Sifiso Mkhabela was born in Nelspruit (now Mbombela) in 1991. Mkhabela moved to Pretoria to pursue his art career in 2013 where he studied and obtained his B-Tech degree in Fine and Applied Arts. After graduating he went on and worked for Angus Taylor where he Wes a studio assistant. Mkhabela now works in his own studio in Johannesburg where he specializes in metal sculpture.
Picking up the welder and the grinder was not just an artistic choice for me. I have a really strong connection with these tools as they were basically in front of me my whole life. My work is inspired by my father, who is a boiler maker and that is why working with metal is second nature to me. As a good observer going up, I learnt a lot from my father whom I categorically say right now, is a better welder than I am.
I draw my inspiration from my childhood memories. Working with metal is hard work and watching my father work tirelessly over the years and never giving up really helped me form the solid ground that I stand on as a sculptor today. Metal is a medium that speaks volumes to me because it is used in almost everything we used in our daily lives, metal is the back bone of our entire infrastructure.
I am currently working with both geometric forms and organic structures to create my sculptures. In my work I employ hybridity as a powerful tool of transformation and reconstruction of existing concepts to create new exciting structures. My point of view is inspired by mathematical and scientific concepts. I love the philosophy thought by Plato where he said “The physical world is a poor decaying copy of a perfect, rational and changeless original world.
”Platonism is a contemporary view that there are abstract objects that do not exist in time or space, my work is an attempt to represent these abstract objects taking from my childhood experience. My works becomes hybrids of these abstract objects as they are after all just mere representations of the originals.
I consider my work hybrids because it is a combination of my thoughts and everything we perceive every day from our infrastructure to the human figure as we traditionally now it. I try to understand and imitate this concept by playing around with platonic shapes to construct new identities of my thoughts and my work becomes a form of me talking about these abstract objects, while transforming ordinary matter into something new thus creating a link between the material world and the mentally formulated one.

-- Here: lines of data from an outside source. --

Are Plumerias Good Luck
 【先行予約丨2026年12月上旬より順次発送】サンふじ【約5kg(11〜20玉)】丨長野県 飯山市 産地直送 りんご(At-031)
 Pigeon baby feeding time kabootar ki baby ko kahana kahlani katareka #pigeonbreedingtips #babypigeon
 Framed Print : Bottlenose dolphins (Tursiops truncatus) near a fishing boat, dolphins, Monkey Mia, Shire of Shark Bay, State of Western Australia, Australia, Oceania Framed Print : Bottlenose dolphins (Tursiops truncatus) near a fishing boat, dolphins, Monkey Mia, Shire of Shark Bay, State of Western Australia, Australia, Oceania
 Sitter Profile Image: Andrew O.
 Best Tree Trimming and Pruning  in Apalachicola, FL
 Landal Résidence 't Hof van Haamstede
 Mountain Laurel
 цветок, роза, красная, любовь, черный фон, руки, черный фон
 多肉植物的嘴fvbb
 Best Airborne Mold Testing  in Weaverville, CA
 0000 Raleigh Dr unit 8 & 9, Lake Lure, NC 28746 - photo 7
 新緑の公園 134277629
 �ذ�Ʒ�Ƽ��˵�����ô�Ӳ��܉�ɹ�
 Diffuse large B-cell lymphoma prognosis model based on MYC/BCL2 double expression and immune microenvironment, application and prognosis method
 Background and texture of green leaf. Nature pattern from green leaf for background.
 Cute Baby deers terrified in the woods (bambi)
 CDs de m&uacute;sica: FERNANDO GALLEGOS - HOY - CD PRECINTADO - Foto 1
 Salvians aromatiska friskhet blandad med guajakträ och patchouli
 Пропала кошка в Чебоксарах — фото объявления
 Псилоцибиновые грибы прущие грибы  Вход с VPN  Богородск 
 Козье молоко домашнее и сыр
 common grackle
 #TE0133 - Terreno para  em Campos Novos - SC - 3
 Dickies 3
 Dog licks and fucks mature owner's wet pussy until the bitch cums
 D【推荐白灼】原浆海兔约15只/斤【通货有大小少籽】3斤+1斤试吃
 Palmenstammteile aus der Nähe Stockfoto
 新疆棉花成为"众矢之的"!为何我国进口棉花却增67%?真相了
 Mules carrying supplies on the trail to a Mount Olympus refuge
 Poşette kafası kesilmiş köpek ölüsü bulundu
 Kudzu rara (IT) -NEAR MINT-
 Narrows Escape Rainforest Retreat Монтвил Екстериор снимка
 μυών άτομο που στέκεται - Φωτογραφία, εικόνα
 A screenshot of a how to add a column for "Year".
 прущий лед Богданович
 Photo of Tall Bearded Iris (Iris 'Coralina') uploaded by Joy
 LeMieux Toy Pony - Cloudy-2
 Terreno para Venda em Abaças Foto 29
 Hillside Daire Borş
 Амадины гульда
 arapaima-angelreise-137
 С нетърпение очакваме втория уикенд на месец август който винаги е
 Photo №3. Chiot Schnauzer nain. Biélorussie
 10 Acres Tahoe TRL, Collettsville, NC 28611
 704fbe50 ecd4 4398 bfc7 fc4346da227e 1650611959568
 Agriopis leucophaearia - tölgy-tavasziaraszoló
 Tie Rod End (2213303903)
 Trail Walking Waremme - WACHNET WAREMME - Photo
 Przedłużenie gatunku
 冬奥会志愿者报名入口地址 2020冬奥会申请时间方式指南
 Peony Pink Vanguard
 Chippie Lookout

To begin the process, my sculptures are made out of shoe sole rubber and sometimes wire and then later I turn them into metal life size and sometimes 3 times life sized sculptures. This material is strong and direct; it allows me to fully engage in the process of constructing and creating through various welding processes and techniques.

The surface of my sculptures has a raw translucent quality, I do not want to mask the medium because of the texture it introduces into my sculptures. The more I work with this medium the more I find new ways of manipulating it to depict my thoughts of the abstract objects that Plato is talking about in his theory. I call them hybrids of my thoughts.